Wolle & Wirbel
Sheila Hicks ist eine Pionierin der Textilkunst, der Malerei und Installationen mit Nadel und Faden. Das Museum für angewandte Kunst in Wien widmet der 84-Jährigen erstmals eine Personale. Marokkanische Gebetsteppiche, geflickte Socken, Wolle und Garn auf Leinwand, in welche Kokosfasern oder Maisblätter, Muscheln oder Zweige eingearbeitet wurden: Kunst zum Anfassen, die nicht berührt werden darf. Ein kritischer Rundgang.
„Je biegsamer, desto mehr fühle ich mich hingezogen.“
Betritt man die Ausstellung, so ist man zunächst überrascht von ihrer eher überschaubaren Größe: Eine Personale einer 84-jährigen Kunstschaffenden verspricht zumindest eine lange Reihe an Kunstobjekten, die gezeigt werden könnten. Zu sehen sind in der Halle des MAK allerdings nur ausgewählte Werke der Künstlerin, die zu längerer Beschäftigung aufrufen, um ihren Sinn zu verstehen.
Sheila Hicks selbst ließ sich bei Ausstellungsaufbau und -eröffnung entschuldigen: Die Künstlerin lebt zwar in Paris, auch Sitz ihres Ateliers, ist aber – ob ihres hohen Alters und der derzeitigen weltweiten Pandemie – zu Hause geblieben. „Unmöglich, nach Wien zu kommen“, so die Künstlerin zu uns. „Sie hat aber mit der Kuratorin Bärbel Vischer jede Nuance der Präsentation genau besprochen“, so MAK-Direktor Christoph Thun-Hohenstein im Gespräch mit der APA.

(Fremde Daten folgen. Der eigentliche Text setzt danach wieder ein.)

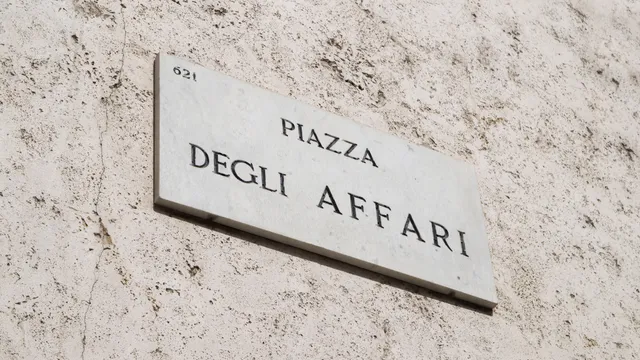 Borsa Italiana in calo: in rosso gli energetici, bene l'AI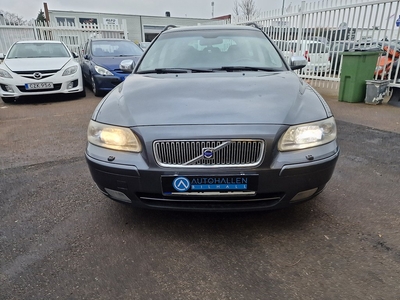 Volvo V70 2.5T 210HK Dynamic Edition Staylad 0% RÄNTA 36MÅN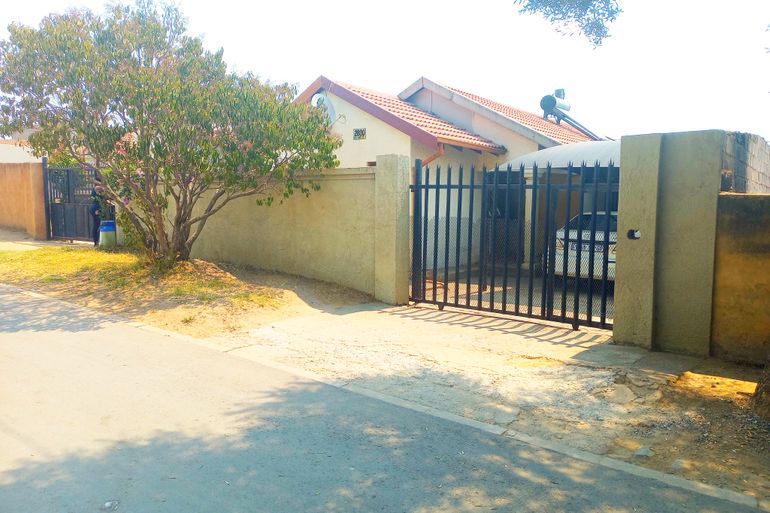 3 Bedroom House For Sale in Ebony Park, Midrand - R880,000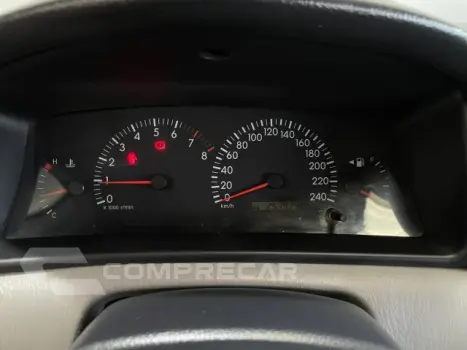 COROLLA - 1.8 XLI 16V 4P MANUAL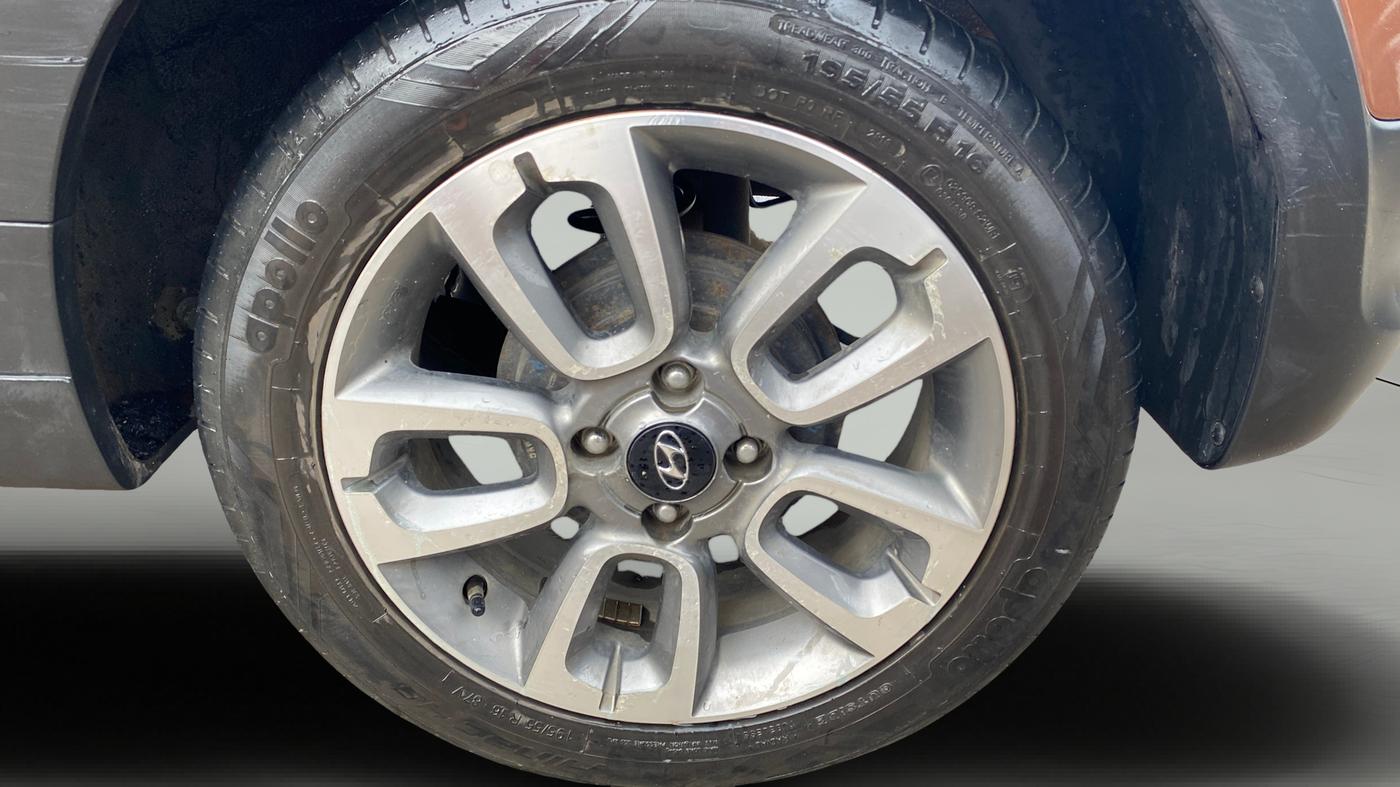 2016 Hyundai i20 Active 1.2 SX, Petrol, Manual, 16,868 km, Left Rear Wheel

„Für mich sind Farben, Texturen und Formen untrennbar miteinander verbunden.“
Herzstück der Ausstellung ist eine zwei Jahre alte Arbeit Hicks’ mit dem Titel La Sentinelle de Safran (Der Wächter des Safran). Die aus gelben, orangenen und roten Wollbällen bestehende Installation wird von Fischernetzen in Form gehalten und beeindruckt vor allem durch den Platz, der ihr eingeräumt wird: Ein ganzer Ausstellungsraum ist ihr gemeinsam mit der hängenden Installation Apprentissages de la Victoire (Die Lehren des Sieges) und der an der Wand installierten Skulptur Constellation (Sternbild) gewidmet.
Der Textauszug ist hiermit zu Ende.